Is this the job for me?
In order to succeed as a special needs teaching assistant, you will need a great deal of patience. Working with special needs children can be challenging, so a caring attitude and a strong understanding of children is vital. You will also need to be good at working as a team, as you will be expected to work alongside teachers, parents and carers to ensure the child or children in your care are offered the correct support.

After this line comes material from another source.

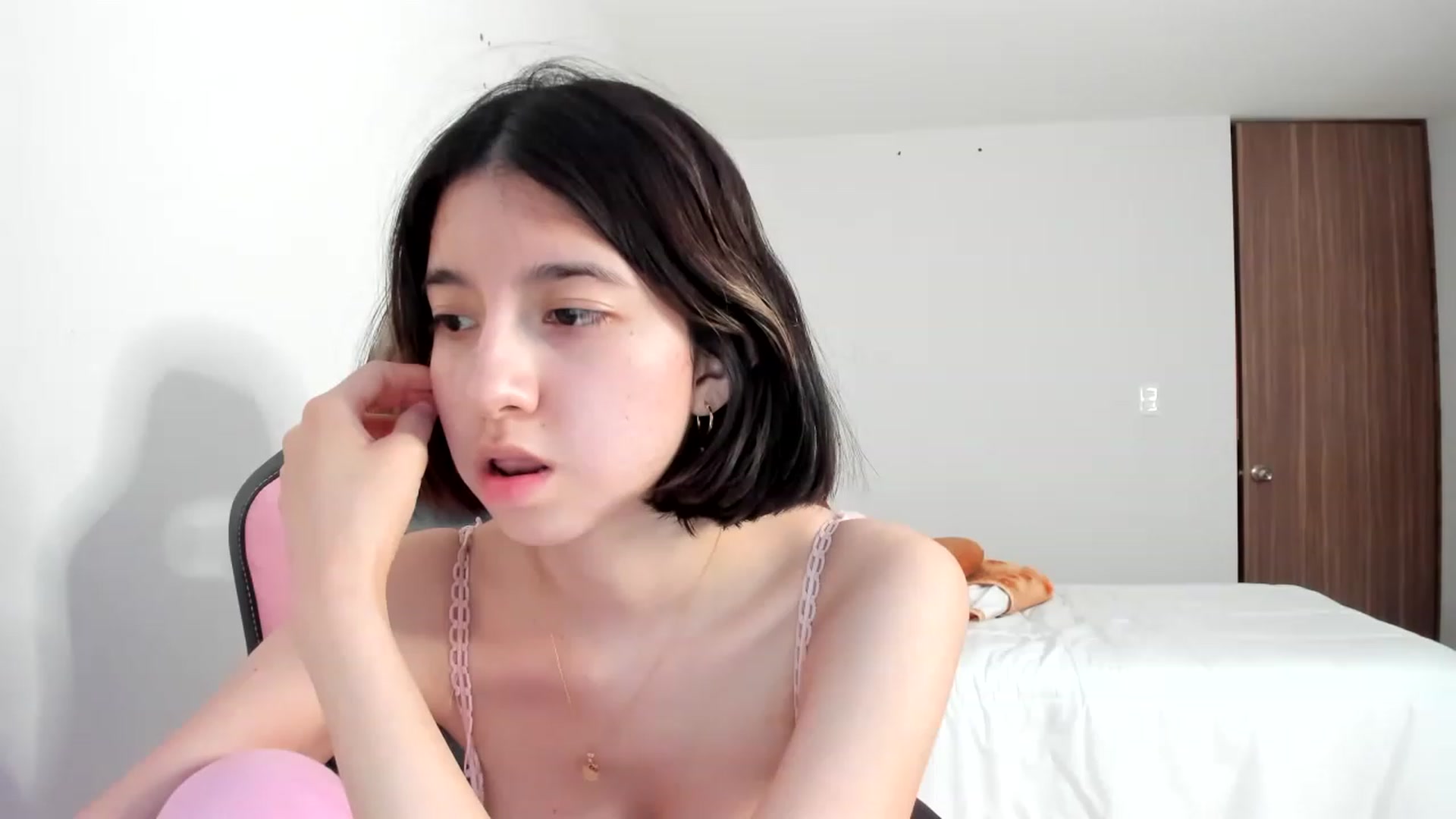 Gallery image thumbnail from Cherrycute666's myfreecams stream on, 03/01/2023, 11:33 image 9 of 20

What are the working hours like?
As a full time teaching assistant, you will be expected to work normal school hours, Monday to Friday. You may be asked to get to class earlier and stay after the school day has ended, in order to assist the teacher with lesson planning and marking. Most teaching assistants only work during term-time, but may be required to go on training courses during holidays.
Where will I be based?
By no means your normal office job, as a special needs teaching assistant you will spend your time in the classroom.
How do I get there?
The entry requirements for this role vary, as it usually down to the individual school to decide what qualifications and experience they want their teaching assistants to have. Therefore, as well as finding the right training course, you will also need to get some experience working with children or young people with disabilities or learning difficulties. The qualifications available for trainee teaching assistants include a Level 2 Award in Support Work in Schools, a Level 2 Certificate for the Children and Young People’s Workforce, and a Level 3 Award in Supporting Teaching and Learning in Schools.
Once you have gained your first position, it’s often a good idea to continue your education in order to gain further qualifications alongside your practical experience. If you do choose to do this, it’s a good idea to look into the Level 3 Certificate Supporting Teaching and Learning in Schools, the Level 3 Diploma for the Children and Young People’s Workforce, or the Level 3 Diploma in Specialist Support for Teaching and Learning in Schools.
Furthermore, you may be required to go on specialist courses to help communicate with the children in your care, such as a British Sign Language qualification or training from the Royal National Institute of the Blind (RNIB).